▶ Work to be completed
Look below for the line containing "People shop at" and the line containing "Tulle Navy Blue", then set down both and every line between them exactly, without pictures.
Information below:
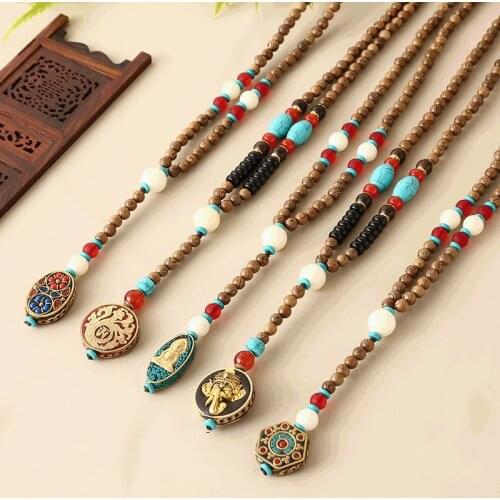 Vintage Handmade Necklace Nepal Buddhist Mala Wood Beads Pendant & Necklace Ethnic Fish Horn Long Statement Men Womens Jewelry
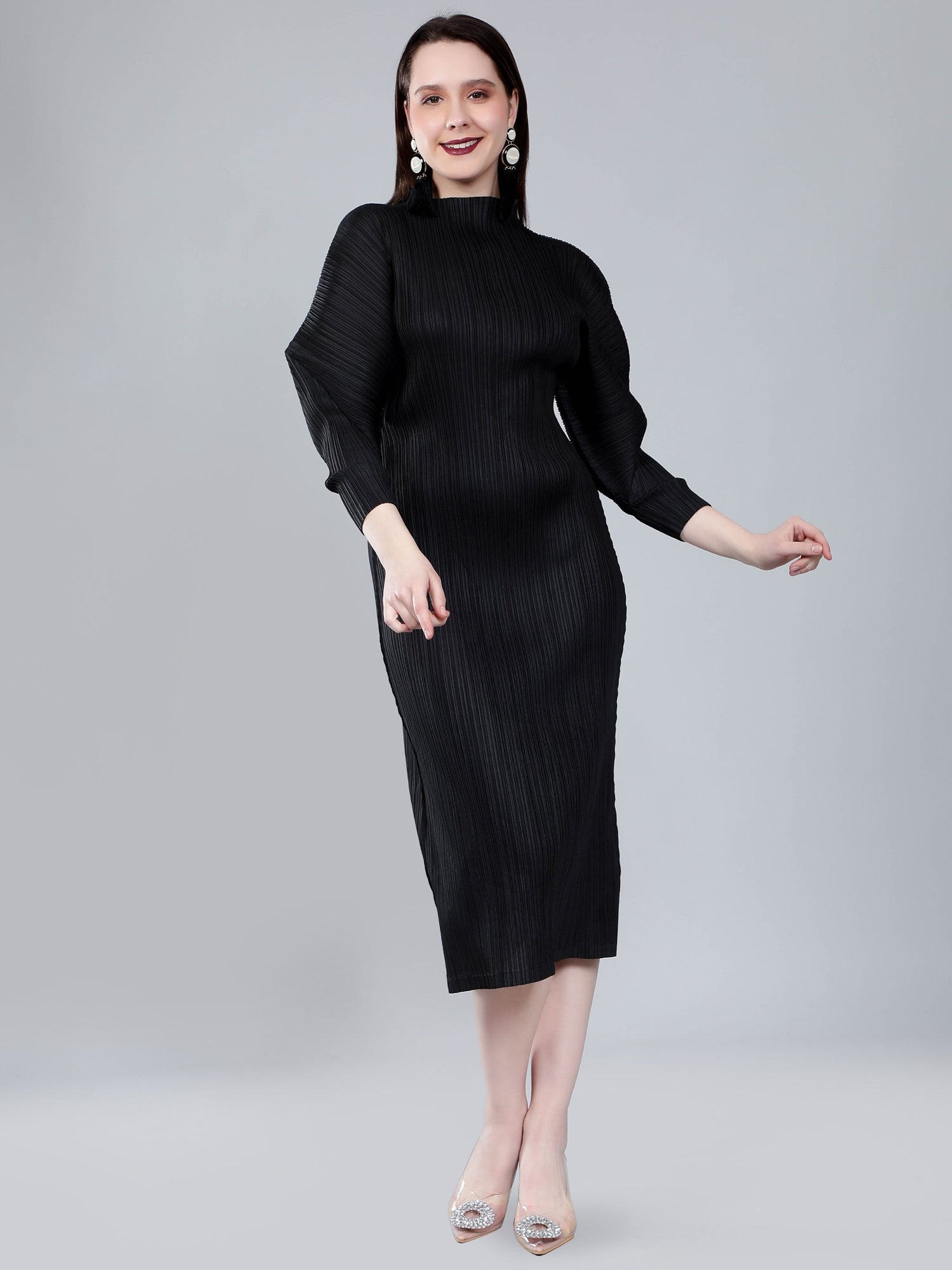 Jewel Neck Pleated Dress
End of Information.
Information below:
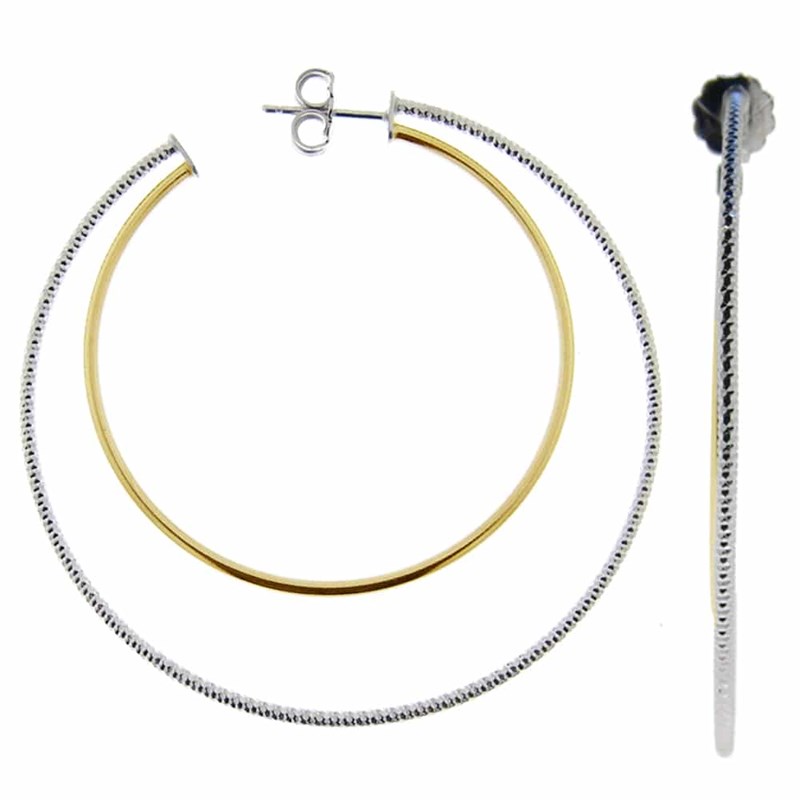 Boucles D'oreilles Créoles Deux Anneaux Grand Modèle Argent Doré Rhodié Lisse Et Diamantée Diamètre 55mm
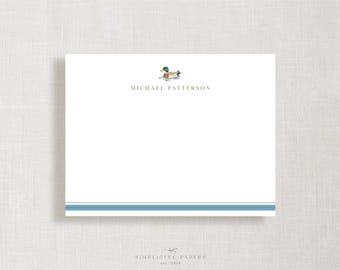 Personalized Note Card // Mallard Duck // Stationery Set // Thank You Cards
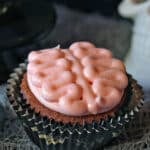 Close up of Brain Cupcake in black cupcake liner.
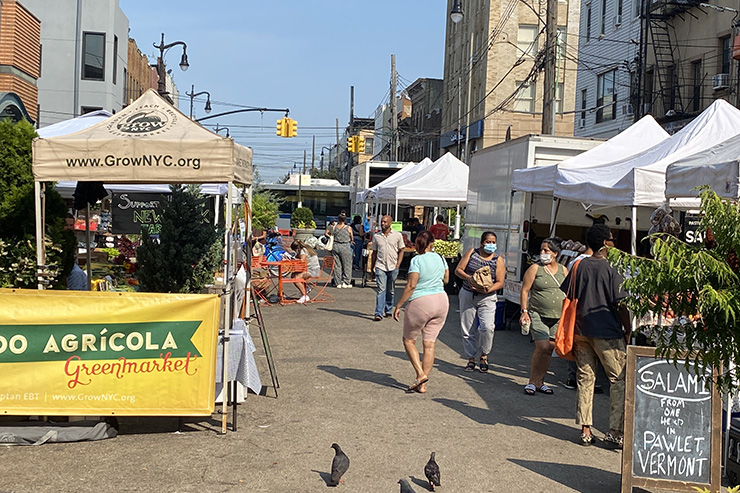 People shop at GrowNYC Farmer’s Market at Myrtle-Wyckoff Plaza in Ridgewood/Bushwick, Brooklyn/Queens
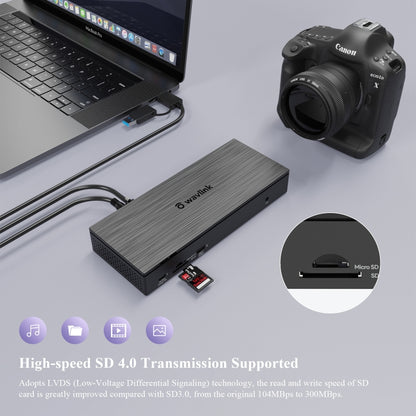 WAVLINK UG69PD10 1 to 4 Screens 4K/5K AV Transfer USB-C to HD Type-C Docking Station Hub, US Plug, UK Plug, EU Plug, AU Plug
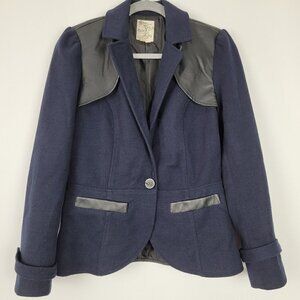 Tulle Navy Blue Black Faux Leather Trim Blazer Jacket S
End of Information.
▶ Written answer
 People shop at GrowNYC Farmer’s Market at Myrtle-Wyckoff Plaza in Ridgewood/Bushwick, Brooklyn/Queens
 WAVLINK UG69PD10 1 to 4 Screens 4K/5K AV Transfer USB-C to HD Type-C Docking Station Hub, US Plug, UK Plug, EU Plug, AU Plug
 Tulle Navy Blue Black Faux Leather Trim Blazer Jacket S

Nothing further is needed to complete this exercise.